The problem → Copy only those lines which run from the line containing "Portable Waist Fan, 5-Speed" to the end of the entries below, both inclusive, exactly as written and with no pictures.
═══ Information given ═══
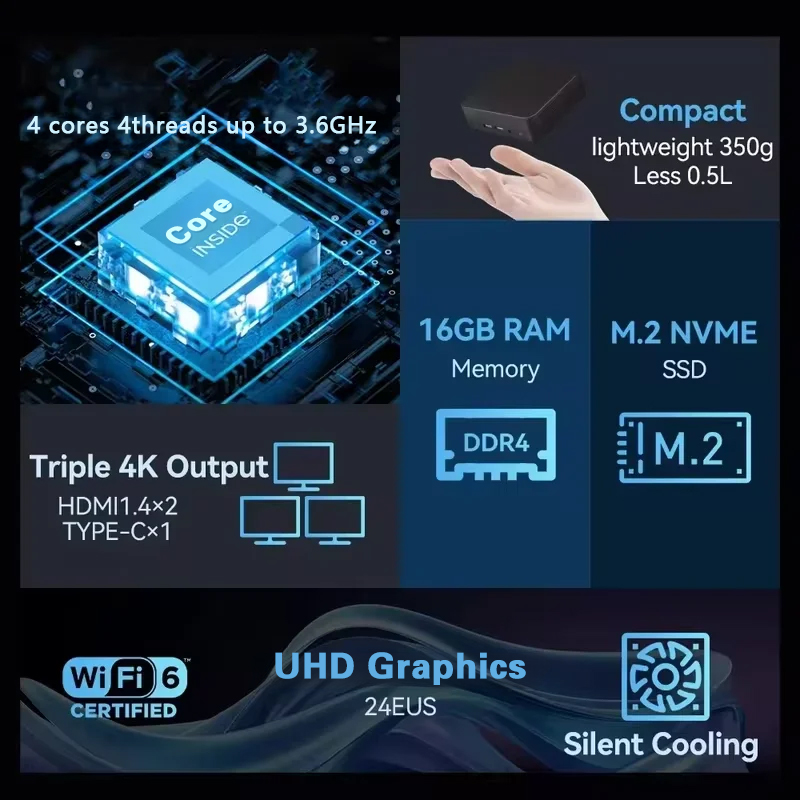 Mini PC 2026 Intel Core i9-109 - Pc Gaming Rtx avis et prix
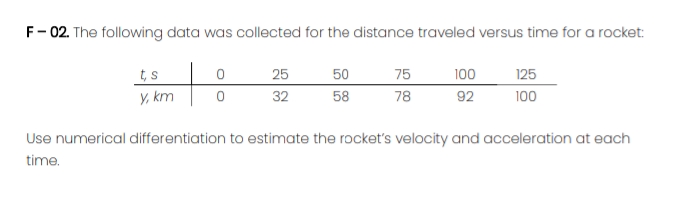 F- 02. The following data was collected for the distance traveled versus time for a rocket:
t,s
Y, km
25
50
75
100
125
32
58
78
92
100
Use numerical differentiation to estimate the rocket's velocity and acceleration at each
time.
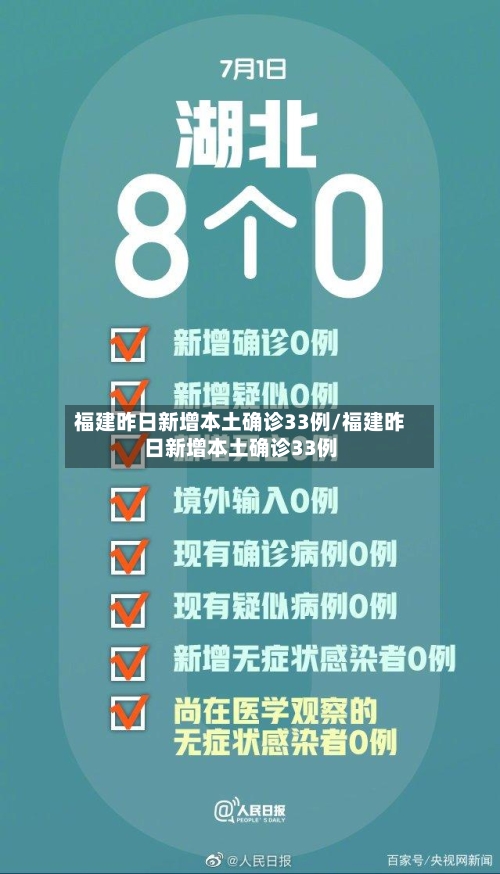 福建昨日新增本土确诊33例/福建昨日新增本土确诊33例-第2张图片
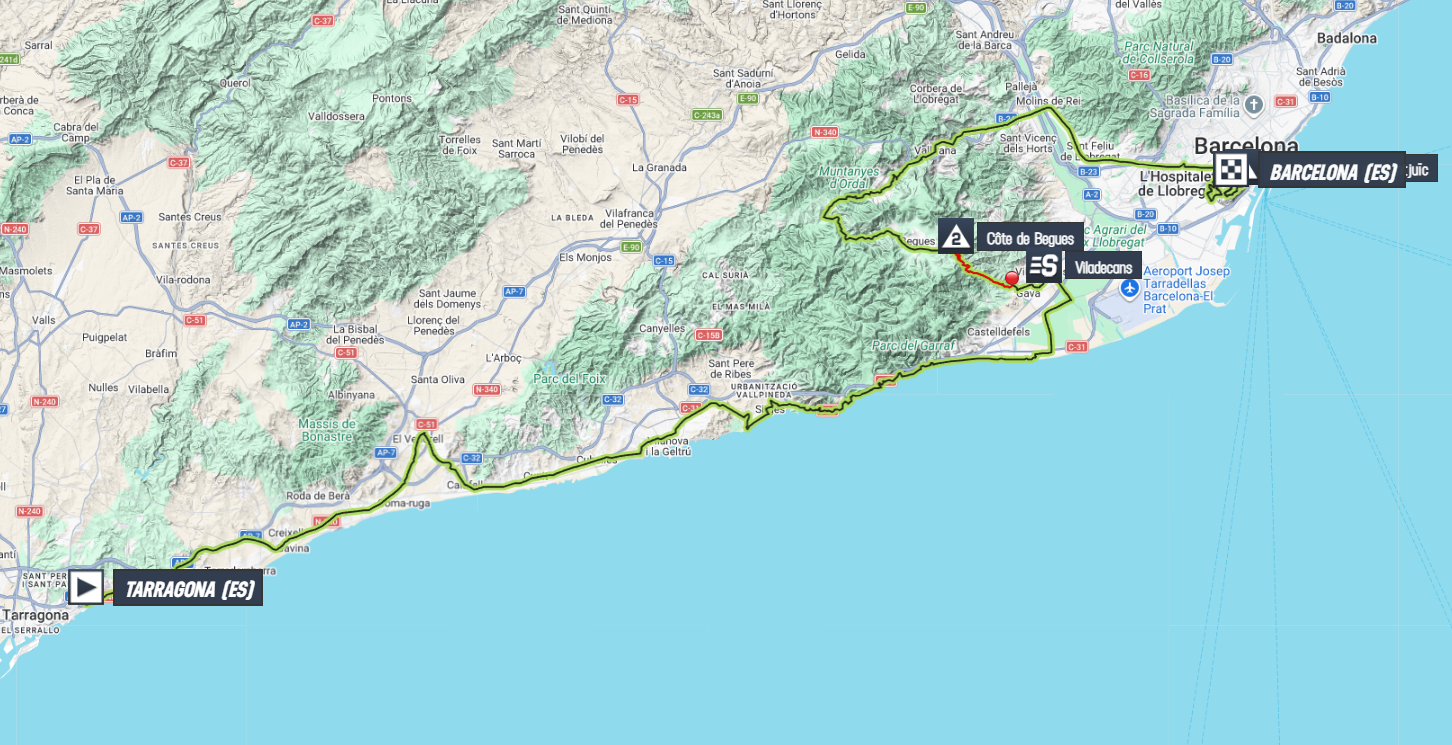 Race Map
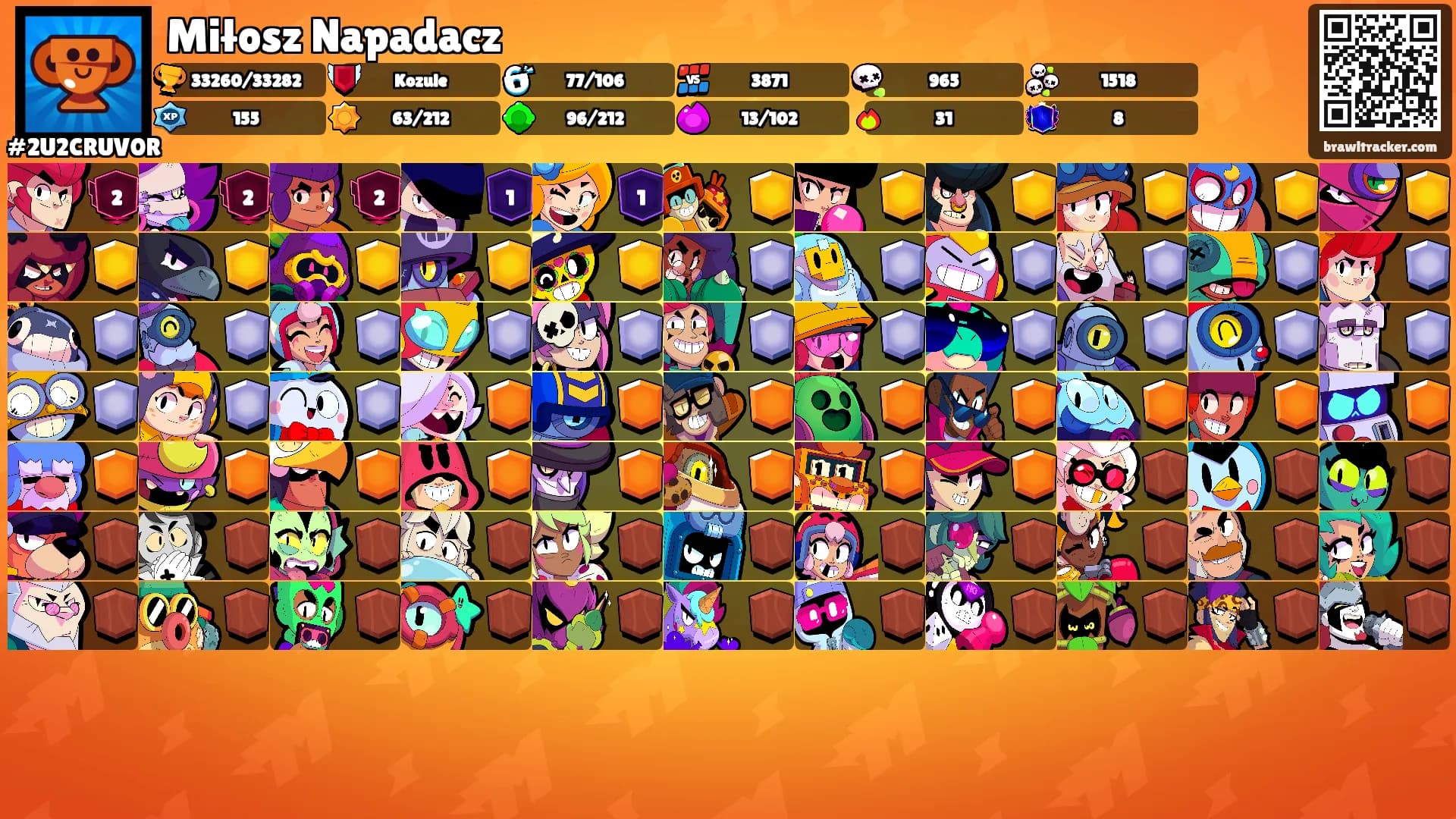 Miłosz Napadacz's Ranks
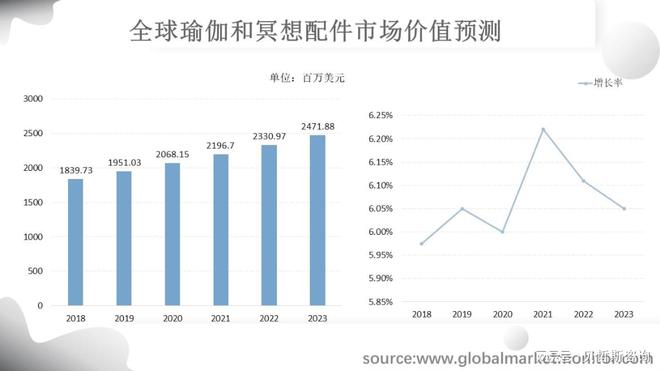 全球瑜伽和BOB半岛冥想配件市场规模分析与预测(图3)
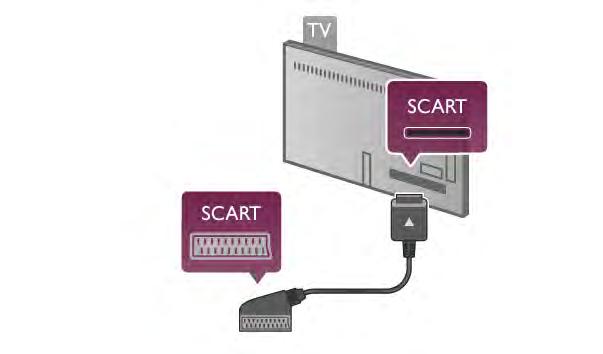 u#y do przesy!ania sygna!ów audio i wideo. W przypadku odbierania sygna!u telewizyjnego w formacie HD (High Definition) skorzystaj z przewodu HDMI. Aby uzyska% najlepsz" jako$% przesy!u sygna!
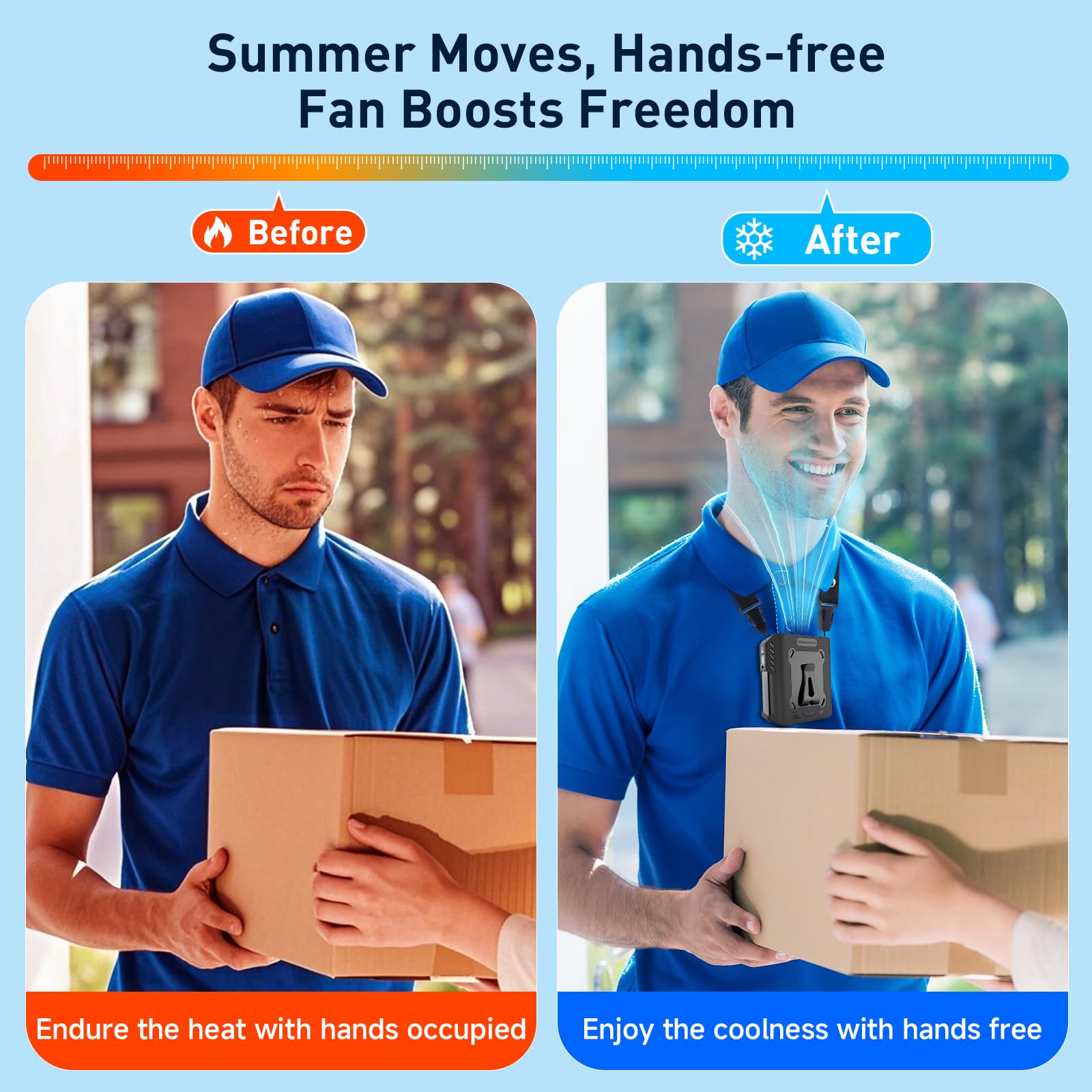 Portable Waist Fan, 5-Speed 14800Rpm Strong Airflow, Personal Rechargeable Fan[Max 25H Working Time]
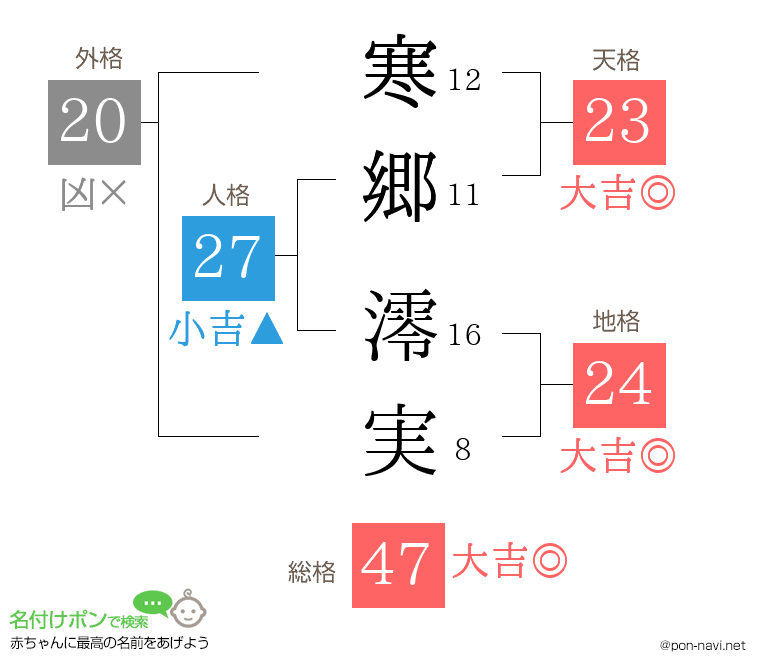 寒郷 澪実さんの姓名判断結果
═══
Result below →
 Portable Waist Fan, 5-Speed 14800Rpm Strong Airflow, Personal Rechargeable Fan[Max 25H Working Time]
 寒郷 澪実さんの姓名判断結果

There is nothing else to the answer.